A body of mass is placed on the earth s surface. It is taken from the earth s surface to a height $h=3R$, R is the radius of earth. The change in gravitational potential energy of the body is

Answer 1

Step1: Given data

1. The radius of the earth is R.
2. The height of the body from the earth's surface is $h=3R$.

Step2: Gravitational potential energy

1. The gravitational potential energy at any point in a gravitational field of a system of masses is the amount of work done in bringing a unit mass from infinity to that point.
2. Gravitational potential energy due to a point mass m at a distance r is, $V=-{\int }_{\infty }^{r}GM\frac{m}{x^2}dx=-GM\frac{m}{r}$, where G is the universal gravitational constant and M is the mass of the earth.

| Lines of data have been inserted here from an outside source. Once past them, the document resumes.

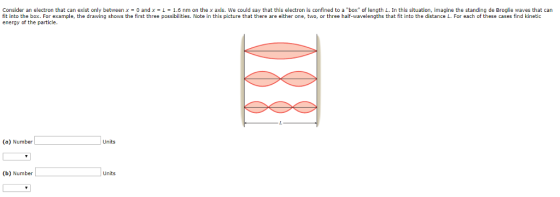 ider an electron that can exist only between χ = 0 and x = L 1.6 nm on the x axis, we could say that this electron is confined to a box of length L. In this situation, imagine the standing de Broglie waves that fit into the box. For example, the drawing shows the first three possibilities. Note in this picture that there are either one, two, or three half-wavelengths that fit into the distance L. For each of these cases find kinetic energy of the particle. (a) Number Units (b) Number Units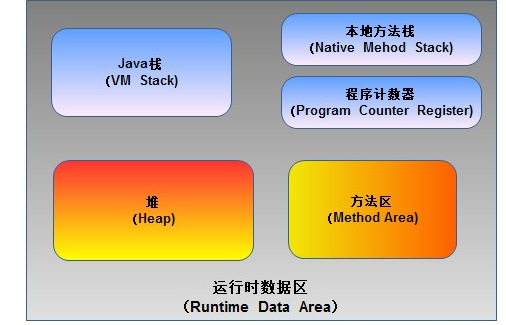 从一道面试题深入了解java虚拟机内存结构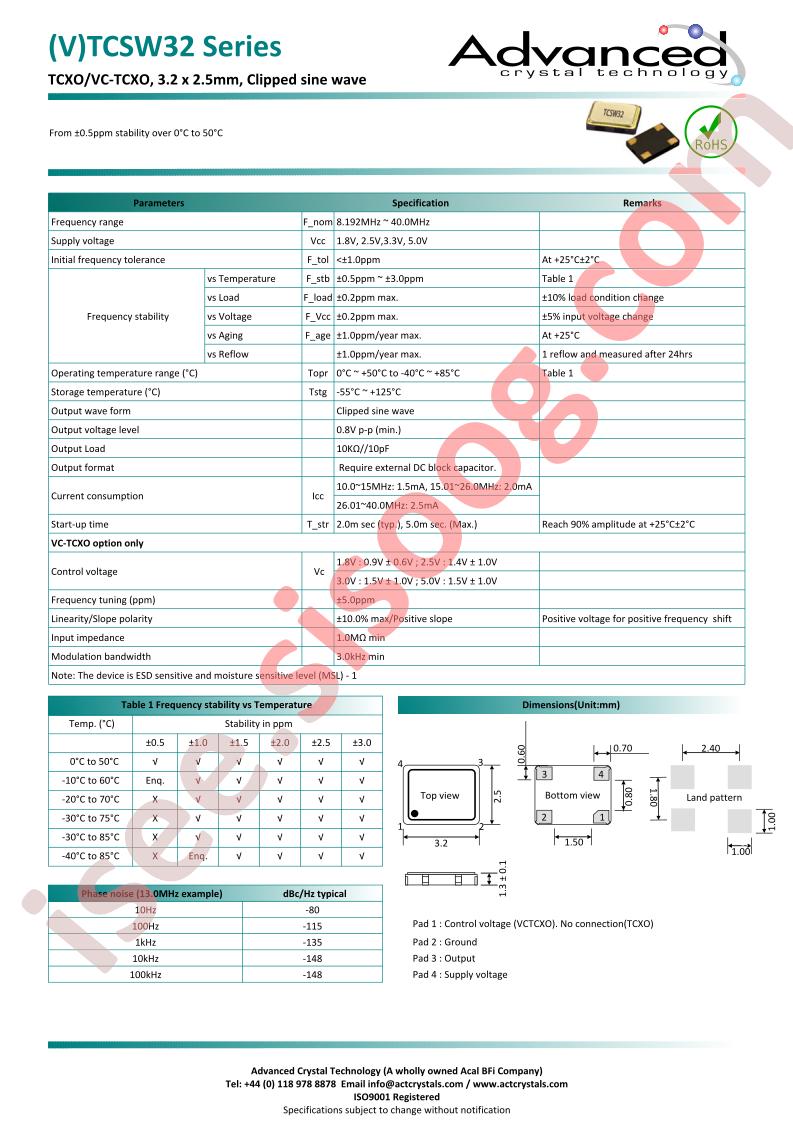 TC322600LCFNBXXZL-PF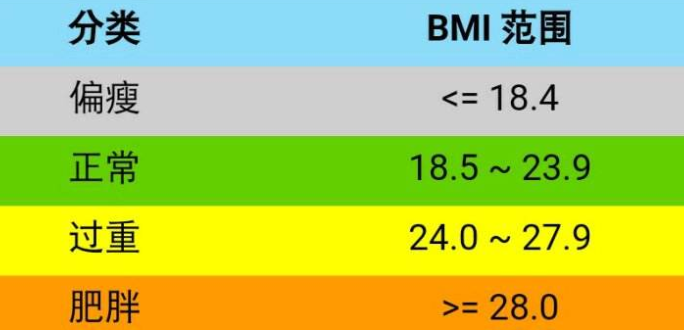 bmi计算公式男女一样吗-bmi计算公式及标准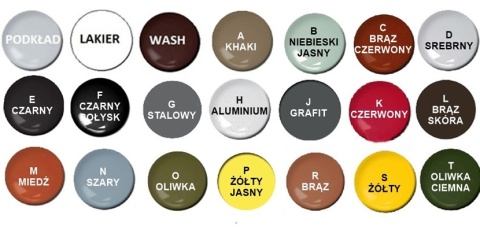 Model plastikowego samolotu do sklejania PZL P-11c z bombami Mirage skala 1:48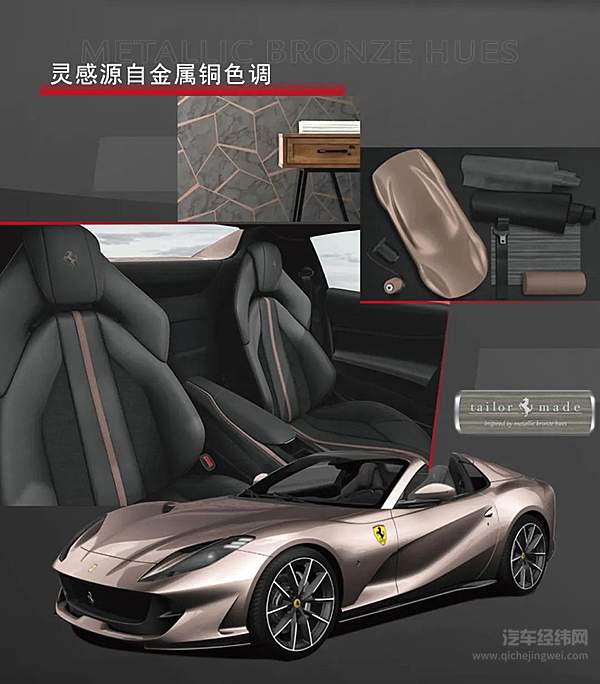 Ispirazioni 2020项目突破想象边界 量身打造三款跃马杰作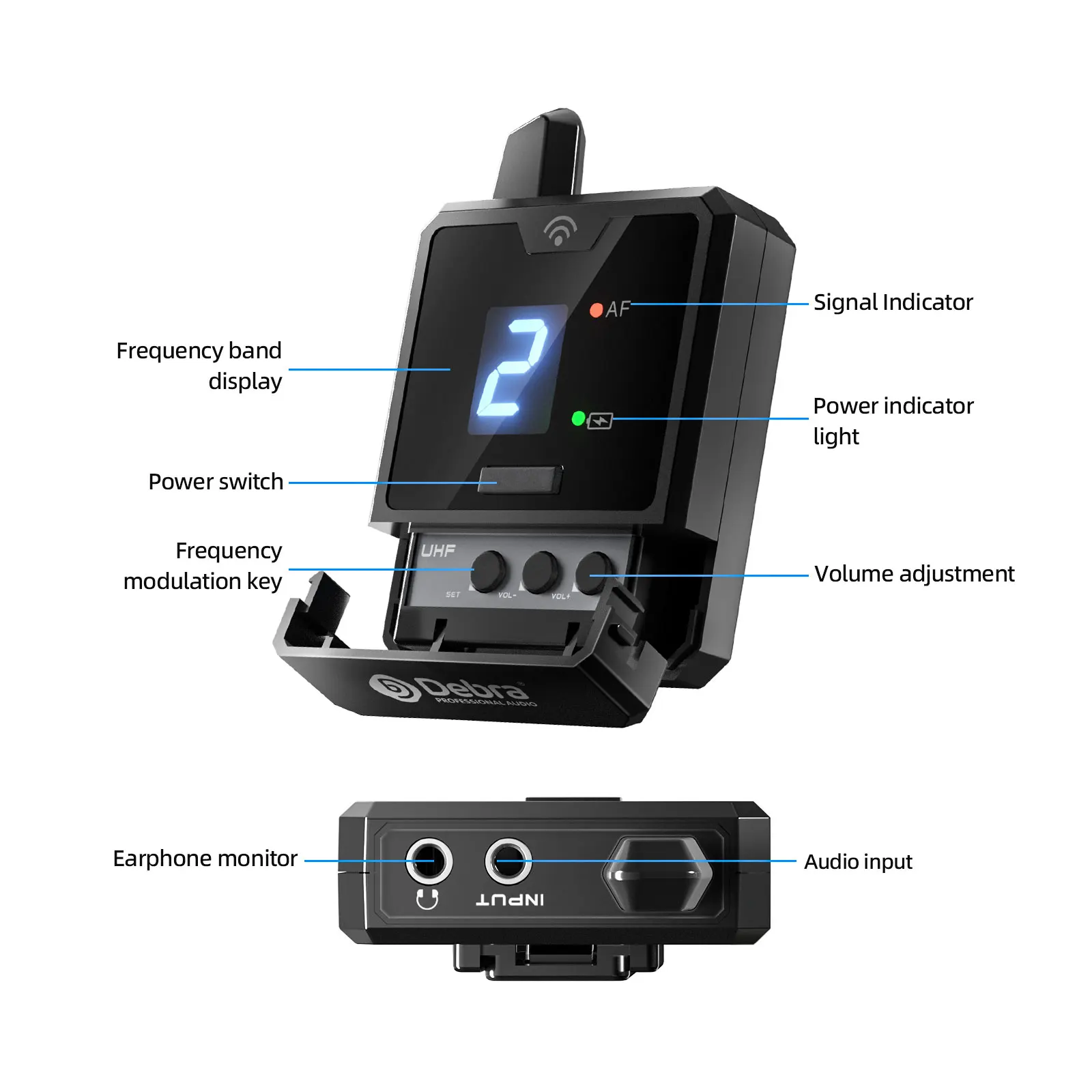 Živé vystúpenie s použitím systému Er-Mini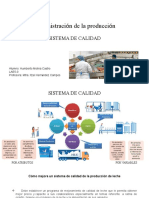 Sistema de Calidad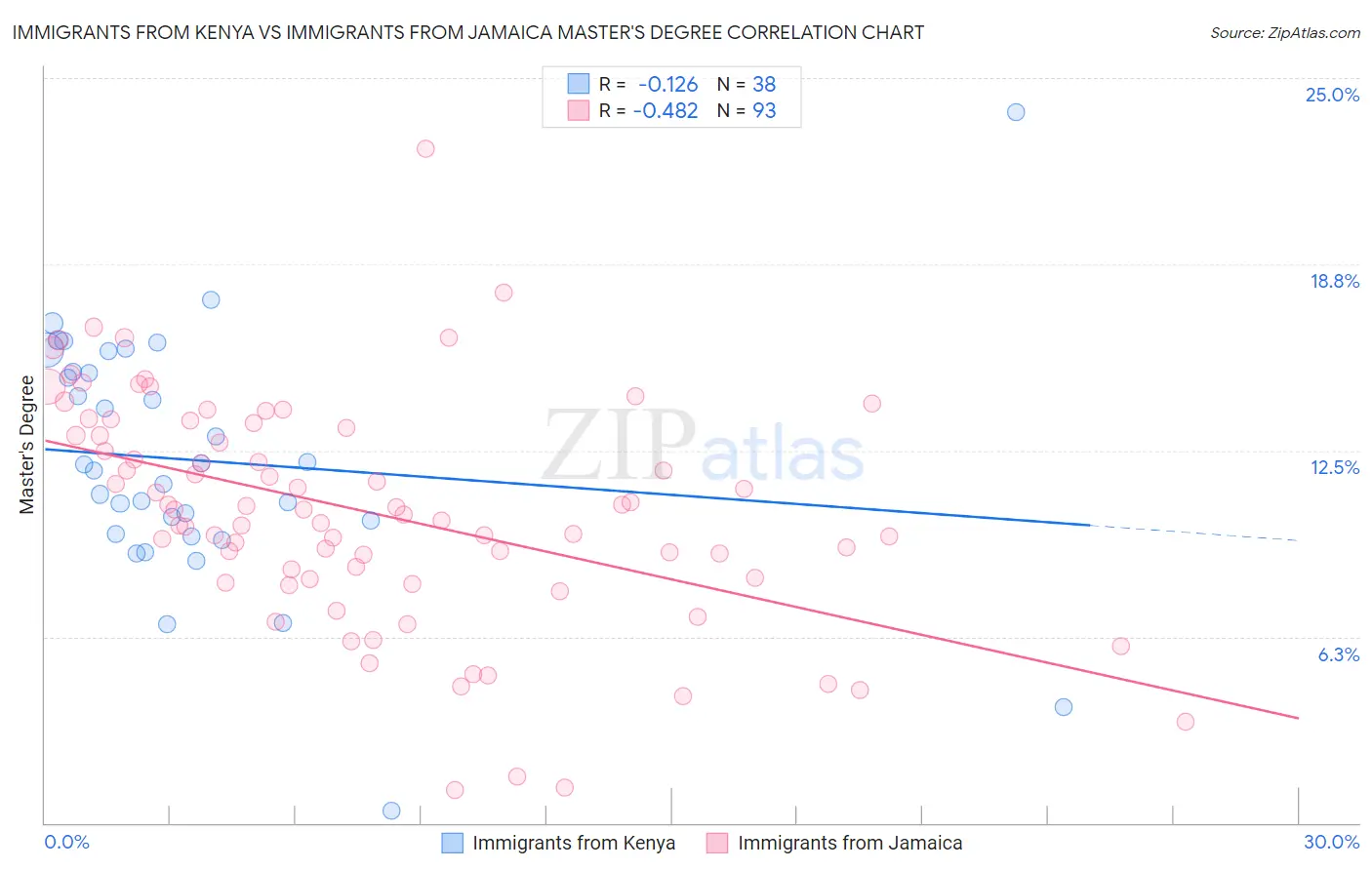 Immigrants from Kenya vs Immigrants from Jamaica Master's Degree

Step3: Finding the change in Gravitational potential energy

We know that the gravitational potential energy of a body of mass m placed on the earth's surface is

$V=-G\frac{Mm}{R}$ ……………(1)

where M and R are the mass of the earth and the radius of the earth.

Now, gravitational potential energy at a height $h=3R$ from the earth's surface is

$V^{\text{'}}=-G\frac{mM}{R+3R}$ …………(2)

So, the change in gravitational potential energy is

$∆V=V-V\text{'}=-G\frac{Mm}{R}$$-$$\left(-G\frac{mM}{R+3R}\right)$. (From equations 1 and 2 )

or $∆V=-G\frac{Mm}{R}+G\frac{Mm}{4R}=-G\frac{3Mm}{4R}$

or $∆V=-G\frac{3mM}{4R}$

Therefore, the change in gravitational potential energy is $\mathbf{∆}\mathit{V}\mathbf{=}\mathbf{-}\mathit{G}\frac{\mathbf{3}\mathbf{m}\mathbf{M}}{\mathbf{4}\mathbf{R}}$.